Na última segunda-feira, Castro se desincompatibilizou do cargo para viabilizar sua candidatura. Além dele, o presidente afastado da Assembleia Legislativa do Estado do Rio de Janeiro (Alerj), Rodrigo Bacellar, e Gabriel Rodrigues Lopes, ex-presidente da Ceperj, também foram condenados à inelegibilidade. Eles, junto com Tiago Pampolha, conselheiro do Tribunal de Contas do Estado do Rio, enfrentam acusações de uso indevido de instituições públicas para criar mais de 27 mil cargos comissionados de forma irregular, com o intuito de favorecer a reeleição da chapa Castro-Pampolha em 2022.
Divisão entre os votos do TSE
Os ministros Nunes Marques e André Mendonça foram os únicos a votar a favor de Castro no TSE. Vale ressaltar que Marques e Mendonça ocuparão, respectivamente, a presidência e a vice-presidência do TSE durante as próximas eleições. Os demais magistrados, como Antonio Carlos Ferreira, Floriano de Azevedo Marques Neto, Estela Aranha e a própria Cármen Lúcia, presidente do tribunal, acompanharam a relatora Isabel Gallotti, que indicou a condenação. Para esses cinco ministros, ficou claro que Castro e seu grupo político utilizaram a máquina pública em benefício próprio.
Imediatamente após a condenação, Castro se manifestou nas redes sociais, afirmando sua intenção de recorrer da decisão.
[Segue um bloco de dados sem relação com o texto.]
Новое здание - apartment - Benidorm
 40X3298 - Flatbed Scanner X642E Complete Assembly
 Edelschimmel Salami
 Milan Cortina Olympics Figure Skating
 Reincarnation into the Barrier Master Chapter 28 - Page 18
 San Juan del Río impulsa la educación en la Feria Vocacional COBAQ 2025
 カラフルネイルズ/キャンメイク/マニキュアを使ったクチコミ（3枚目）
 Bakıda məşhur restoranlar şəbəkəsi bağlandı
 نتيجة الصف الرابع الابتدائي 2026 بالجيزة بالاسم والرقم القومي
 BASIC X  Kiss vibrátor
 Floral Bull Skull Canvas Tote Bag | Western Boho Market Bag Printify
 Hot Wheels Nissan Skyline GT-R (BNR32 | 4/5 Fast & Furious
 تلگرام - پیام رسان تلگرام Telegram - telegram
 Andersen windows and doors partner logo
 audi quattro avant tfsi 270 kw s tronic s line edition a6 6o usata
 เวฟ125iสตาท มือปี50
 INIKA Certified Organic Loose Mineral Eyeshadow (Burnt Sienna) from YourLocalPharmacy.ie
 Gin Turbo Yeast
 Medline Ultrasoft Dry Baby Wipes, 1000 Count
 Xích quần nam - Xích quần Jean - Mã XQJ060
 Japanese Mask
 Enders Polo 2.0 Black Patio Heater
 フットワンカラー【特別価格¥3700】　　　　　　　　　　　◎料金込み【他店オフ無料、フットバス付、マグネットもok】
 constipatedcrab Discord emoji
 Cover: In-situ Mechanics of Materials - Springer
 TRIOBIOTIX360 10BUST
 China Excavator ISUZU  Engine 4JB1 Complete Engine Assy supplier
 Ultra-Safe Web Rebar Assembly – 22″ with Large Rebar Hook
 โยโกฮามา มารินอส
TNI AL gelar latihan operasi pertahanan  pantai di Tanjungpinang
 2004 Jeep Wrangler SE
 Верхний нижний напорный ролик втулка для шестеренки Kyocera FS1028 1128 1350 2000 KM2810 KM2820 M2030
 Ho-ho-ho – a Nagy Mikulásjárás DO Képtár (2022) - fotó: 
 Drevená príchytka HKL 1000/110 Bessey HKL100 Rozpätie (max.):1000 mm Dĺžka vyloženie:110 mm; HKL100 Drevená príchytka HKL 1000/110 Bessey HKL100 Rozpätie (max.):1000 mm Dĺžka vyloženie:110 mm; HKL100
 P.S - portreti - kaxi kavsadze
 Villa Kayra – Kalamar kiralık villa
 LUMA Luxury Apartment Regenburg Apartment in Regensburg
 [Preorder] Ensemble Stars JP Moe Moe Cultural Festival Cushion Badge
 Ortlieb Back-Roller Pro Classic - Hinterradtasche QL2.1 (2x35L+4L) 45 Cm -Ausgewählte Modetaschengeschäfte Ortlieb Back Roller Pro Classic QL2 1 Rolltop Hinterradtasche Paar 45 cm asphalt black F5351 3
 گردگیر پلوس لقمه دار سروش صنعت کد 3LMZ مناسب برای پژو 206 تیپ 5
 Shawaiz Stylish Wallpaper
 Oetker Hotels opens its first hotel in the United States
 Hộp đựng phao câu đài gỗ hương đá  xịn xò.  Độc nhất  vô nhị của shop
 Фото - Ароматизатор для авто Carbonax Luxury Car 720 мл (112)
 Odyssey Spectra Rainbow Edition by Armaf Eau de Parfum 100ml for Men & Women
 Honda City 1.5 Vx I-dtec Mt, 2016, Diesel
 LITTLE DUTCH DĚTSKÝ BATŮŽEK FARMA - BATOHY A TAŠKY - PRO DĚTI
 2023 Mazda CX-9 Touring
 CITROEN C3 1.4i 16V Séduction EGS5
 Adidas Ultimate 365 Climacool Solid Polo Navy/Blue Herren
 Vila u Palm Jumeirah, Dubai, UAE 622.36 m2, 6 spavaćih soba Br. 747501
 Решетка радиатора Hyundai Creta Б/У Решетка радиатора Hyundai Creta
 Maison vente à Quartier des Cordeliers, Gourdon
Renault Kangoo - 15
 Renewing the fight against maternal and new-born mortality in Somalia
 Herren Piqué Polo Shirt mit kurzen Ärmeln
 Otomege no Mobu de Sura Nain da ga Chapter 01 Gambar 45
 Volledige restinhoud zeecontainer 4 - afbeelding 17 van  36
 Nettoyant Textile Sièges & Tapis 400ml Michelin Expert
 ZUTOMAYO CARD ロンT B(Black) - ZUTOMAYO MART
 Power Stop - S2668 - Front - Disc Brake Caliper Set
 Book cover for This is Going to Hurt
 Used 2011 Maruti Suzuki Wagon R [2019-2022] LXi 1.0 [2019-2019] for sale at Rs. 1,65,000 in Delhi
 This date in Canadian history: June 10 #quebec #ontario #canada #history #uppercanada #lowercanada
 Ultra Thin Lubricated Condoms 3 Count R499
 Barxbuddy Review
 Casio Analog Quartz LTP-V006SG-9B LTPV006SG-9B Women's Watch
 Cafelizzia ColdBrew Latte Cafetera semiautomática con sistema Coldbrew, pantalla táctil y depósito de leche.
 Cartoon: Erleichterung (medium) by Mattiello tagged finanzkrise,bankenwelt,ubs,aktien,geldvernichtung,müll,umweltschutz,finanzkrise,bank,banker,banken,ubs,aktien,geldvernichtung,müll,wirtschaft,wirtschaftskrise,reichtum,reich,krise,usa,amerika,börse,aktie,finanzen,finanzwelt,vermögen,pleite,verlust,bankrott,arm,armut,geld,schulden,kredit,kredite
Ele argumentou que o TSE ignorou a “vontade soberana” dos eleitores que o escolheram. “Reitero meu respeito aos ministros do TSE e ao processo legal, mas é fundamental destacar que as alegações contra mim se referem a fatos anteriores ao período eleitoral de 2022 e não influenciaram minha expressiva votação”, escreveu Castro, lembrando que o Tribunal Regional Eleitoral do Rio de Janeiro (TRE-RJ) o absolveu em 2024 das mesmas acusações.
Reflexões sobre a ética na política
Cármen Lúcia, em seu voto que definiu o resultado de 5 a 2, expressou sua tristeza ao constatar que ex-representantes do governo do Rio estão envolvidos em escândalos. “Com pesar, estamos novamente analisando práticas gravíssimas cometidas por governantes que receberam o apoio do povo do Rio de Janeiro. Mais uma vez, somos confrontados por um julgamento que desmerece a imagem dessa bela terra… Não há democracia sem ética”, afirmou.
A presidente do TSE também destacou a participação de Castro nas irregularidades relacionadas à Ceperj. Ela afirmou que a contratação excessiva de pessoal, além de ser atípica, evidenciou a utilização intencional da máquina pública para consolidar apoio político. Tais ações comprometem a igualdade entre candidatos e a integridade do processo eleitoral, algo que é proibido.
Contrapontos nos votos dos ministros
Os votos de Nunes Marques e André Mendonça, que se mostraram favoráveis a Castro, chamaram a atenção. Marques argumentou que não havia evidências suficientes de que as irregularidades impactaram o resultado das eleições de 2022. “Embora os fatos sejam relevantes, não se evidencia a gravidade necessária para justificar a sanção máxima”, garantiu. Por outro lado, Mendonça reconheceu que, embora o abuso de poder tenha sido comprovado, as provas não eram suficientes para confirmar a participação direta de Castro no esquema. “Não vejo provas que assegurem a certeza jurídica sobre a responsabilidade do ex-governador nas irregularidades da Ceperj e da Uerj”, concluiu.